Material for the task:
━━━━━━━━
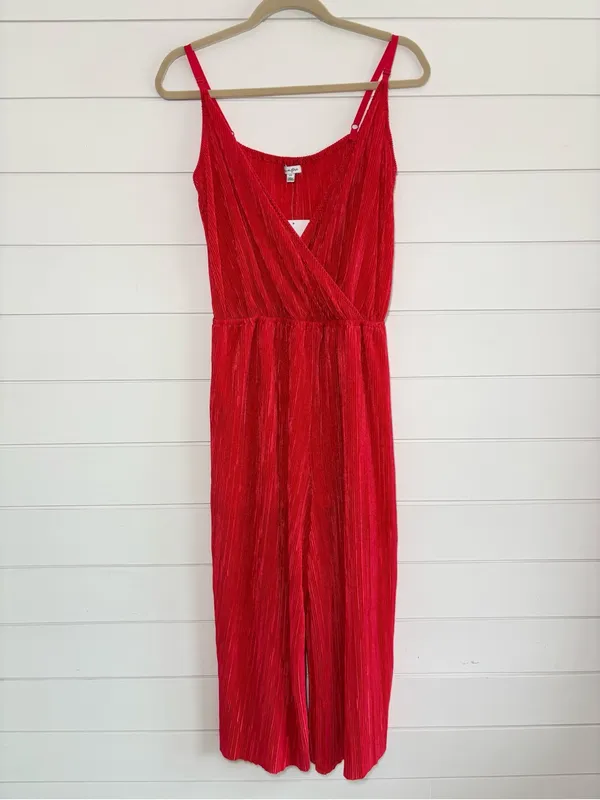 Love,Fire‎ Vibrant Red Pleated Wide-Leg Jumpsuit Sleeveless Size L NEW - Image 2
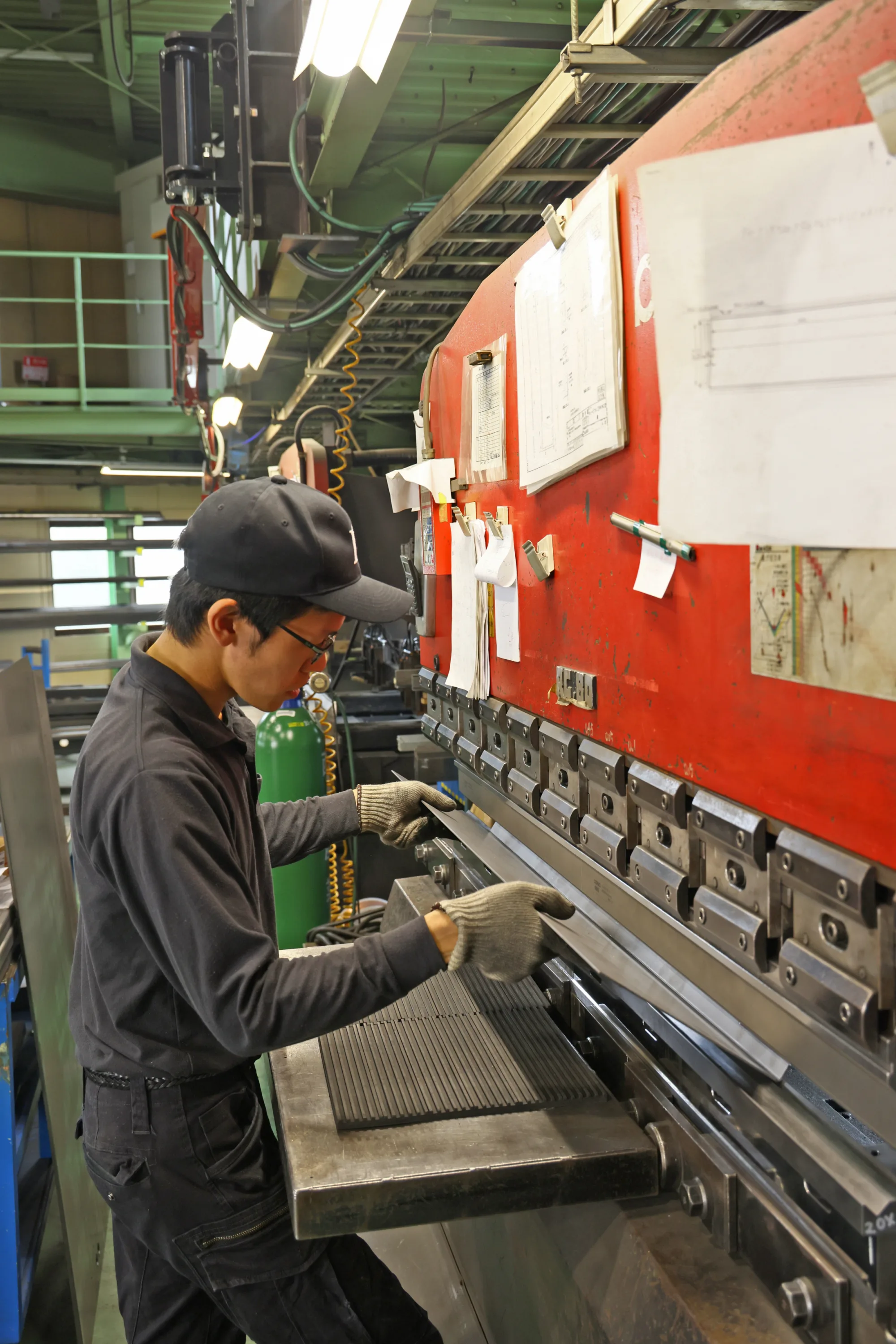 K・S工業の工場でプレスブレーキを操作する若手技術者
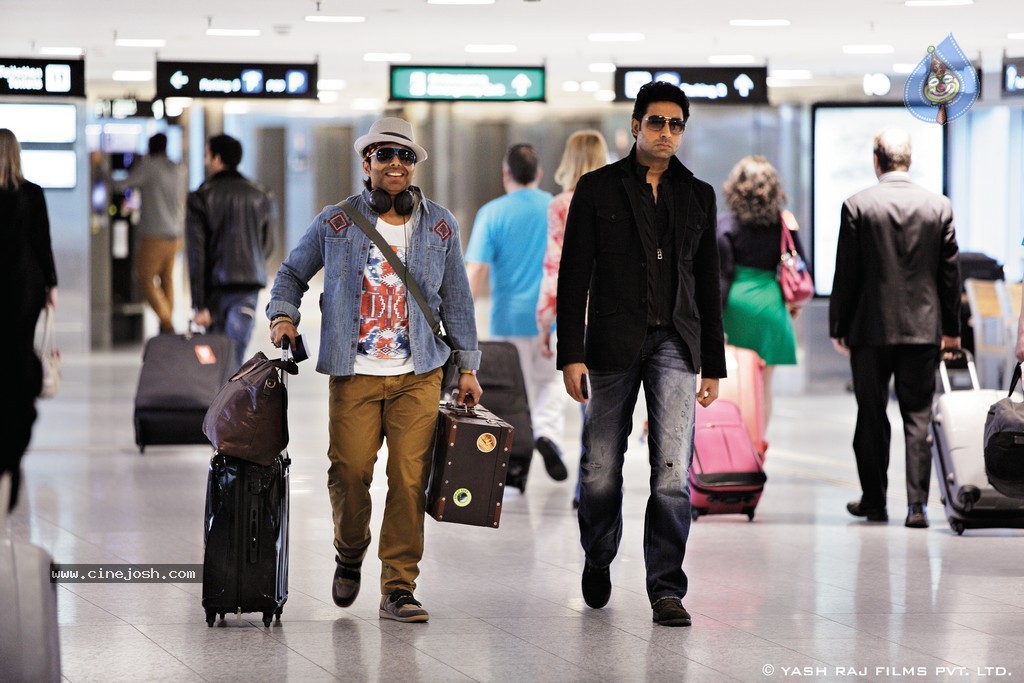 Dhoom 3 Movie Latest Stills - 21 / 28 photos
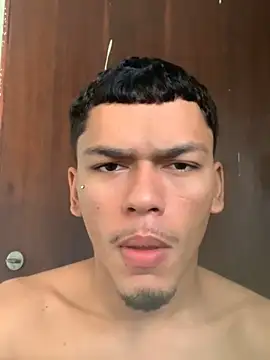 Snapshot of dolariano chatting on February 1, 2025, 12:15 pm dolariano online show from February 1, 2025, 12:15 pm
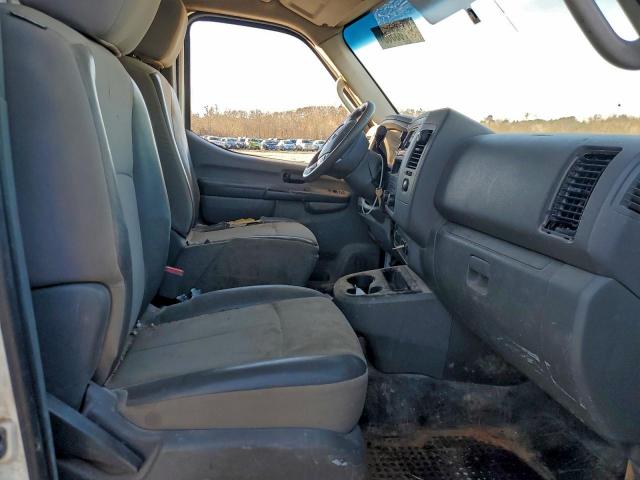 Nissan Nv 2500 Image 10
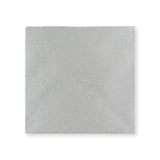 Apsveikuma kartītes aploksne ar metāla sudraba gumijotu V-veida atloku (130 x 130 mm)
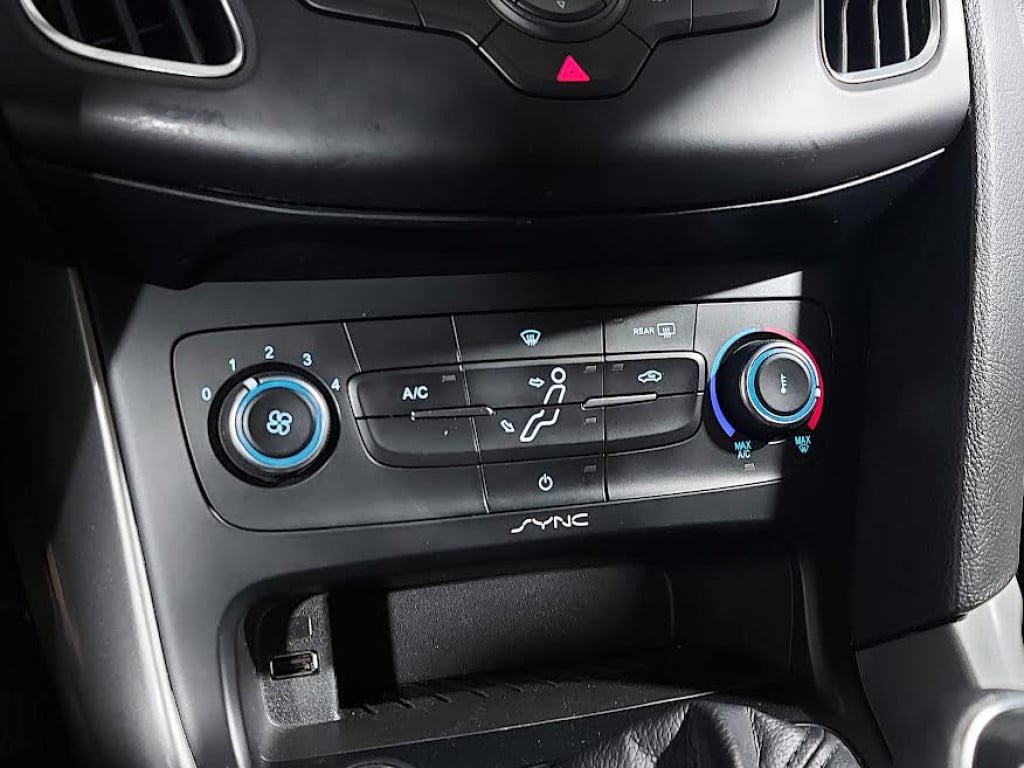Imagem do veículo FORD FOCUS HATCH SE 1.6 FLEX MANUAL - 2018 - BRANCO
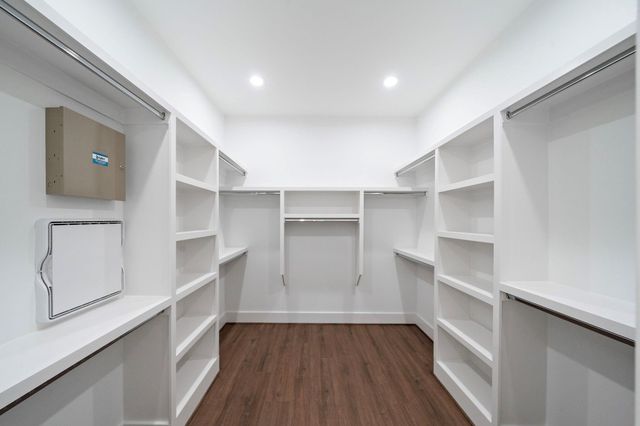 6130 Endeavor Heights Road, Houston, TX 77091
━━━━━━━━
Exercise: Nothing but the lines from the one holding "Nissan Nv 2500 Image 10" through the final line of the entries should be retyped, exactly as they stand and without pictures.

Solution below:
 Nissan Nv 2500 Image 10
 Apsveikuma kartītes aploksne ar metāla sudraba gumijotu V-veida atloku (130 x 130 mm)
Imagem do veículo FORD FOCUS HATCH SE 1.6 FLEX MANUAL - 2018 - BRANCO
 6130 Endeavor Heights Road, Houston, TX 77091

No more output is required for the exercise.